I think the total No. of participants is correct. However, there are repetitive IDs in the 2 studies.(and multiple repetitive IDs in Study 2 alone) To avoid this, I encoded the participants' IDs in Study 2 to be id_age_gender and added a group
column to differentiate repetitive IDs between Study 1 and Study 2
- the three subscales are all part of the same GERAS measure i think. is that right? if so, i would put them together. when to split and when to lump is more science than art but i think here we want to lump. to give an example, if we had an academic test with math and reading, i'd want to split. if it was a math test with algebra and geometry, i'd want to lump. if all 3 subscales are assessing the same gender attitudes construct, i'd lump (but perhaps have info on the subscales [maybe in item names?]).

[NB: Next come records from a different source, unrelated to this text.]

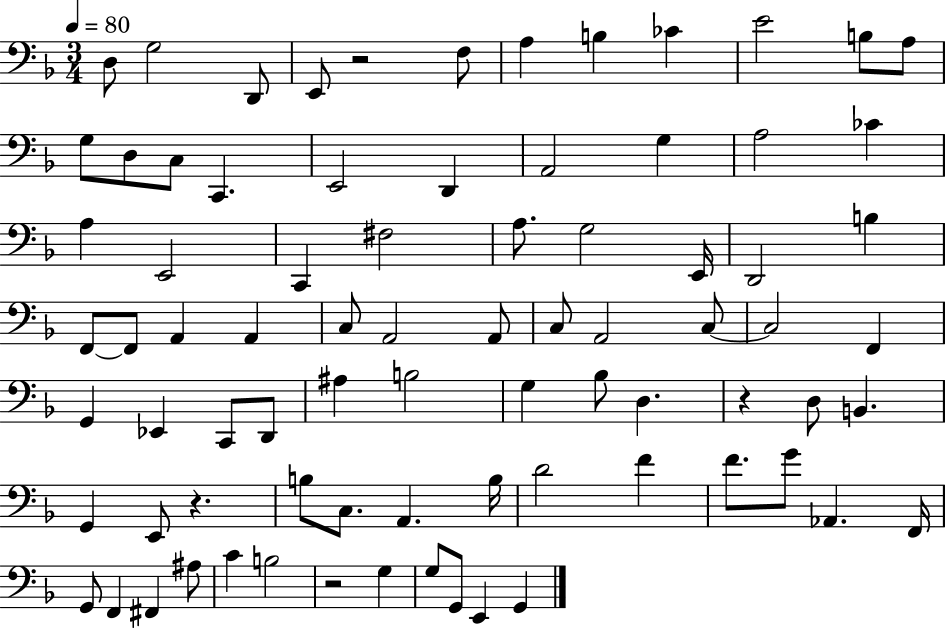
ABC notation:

X:1
T:Untitled
M:3/4
L:1/4
K:F
D,/2 G,2 D,,/2 E,,/2 z2 F,/2 A, B, _C E2 B,/2 A,/2 G,/2 D,/2 C,/2 C,, E,,2 D,, A,,2 G, A,2 _C A, E,,2 C,, ^F,2 A,/2 G,2 E,,/4 D,,2 B, F,,/2 F,,/2 A,, A,, C,/2 A,,2 A,,/2 C,/2 A,,2 C,/2 C,2 F,, G,, _E,, C,,/2 D,,/2 ^A, B,2 G, _B,/2 D, z D,/2 B,, G,, E,,/2 z B,/2 C,/2 A,, B,/4 D2 F F/2 G/2 _A,, F,,/4 G,,/2 F,, ^F,, ^A,/2 C B,2 z2 G, G,/2 G,,/2 E,, G,,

Yes, now I understand that we don't split all datasets. This is a good counter-example. :)
The code and datasets are updated above. :)
PR for this usse: https://github.com/ben-domingue/irw/pull/203
i think this CSV got output as 'wide' rather than 'long'. most of the columns must be the items, yeah?

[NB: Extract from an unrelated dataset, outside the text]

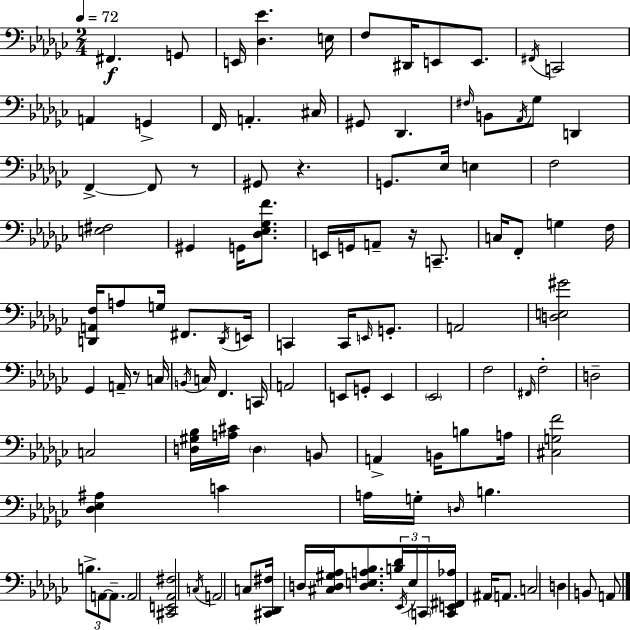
F#2/q. G2/e E2/s [Db3,Eb4]/q. E3/s F3/e D#2/s E2/e E2/e. F#2/s C2/h A2/q G2/q F2/s A2/q. C#3/s G#2/e Db2/q. F#3/s B2/e Ab2/s Gb3/e D2/q F2/q F2/e R/e G#2/e R/q. G2/e. Eb3/s E3/q F3/h [E3,F#3]/h G#2/q G2/s [Db3,Eb3,Gb3,F4]/e. E2/s G2/s A2/e R/s C2/e. C3/s F2/e G3/q F3/s [D2,A2,F3]/s A3/e G3/s F#2/e. D2/s E2/s C2/q C2/s E2/s G2/e. A2/h [D3,E3,G#4]/h Gb2/q A2/s R/e C3/s B2/s C3/s F2/q. C2/s A2/h E2/e G2/e E2/q Eb2/h F3/h F#2/s F3/h D3/h C3/h [D3,G#3,Bb3]/s [A3,C#4]/s D3/q B2/e A2/q B2/s B3/e A3/s [C#3,G3,F4]/h [Db3,Eb3,A#3]/q C4/q A3/s G3/s D3/s B3/q. B3/e. A2/e A2/e. A2/h [C#2,E2,Ab2,F#3]/h C3/s A2/h C3/e [C#2,Db2,F#3]/s D3/s [C#3,D3,G#3,Ab3]/s [D3,E3,A3,Bb3]/e. [B3,Db4]/s Eb2/s E3/s C2/s [C2,E2,F#2,Ab3]/s A#2/s A2/e. C3/h D3/q B2/e A2/e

@KingArthur0205 i think this requires a tweak
This is an oversight on myend. I should have double-checked more carefully. Sorry for the mistake.
I have updated the cell above, the CSV file, and the PR to have long format.
oh no worries! honestly, finding the occasional error makes me feel like i'm adding value! ;)
the coding is 2-6. double checking that was true in the original data. it's fine if so just wanted to be sure we didn't lose the 1 values. @KingArthur0205
the coding is 2-6. double checking that was true in the original data. it's fine if so just wanted to be sure we didn't lose the 1 values. @KingArthur0205
Ye, I just double checked the original datasets and the paper. The study adopted a 7-point scale, and the original, unprocessed datasets didn't have any 1s or 7s. They didn't seem to apply any techniques to remove 1s and 7s either.
Data and R scripts are published in the Open Science Framework (see https://osf.io/42jhr/).
https://econtent.hogrefe.com/doi/10.1027/1015-5759/a000528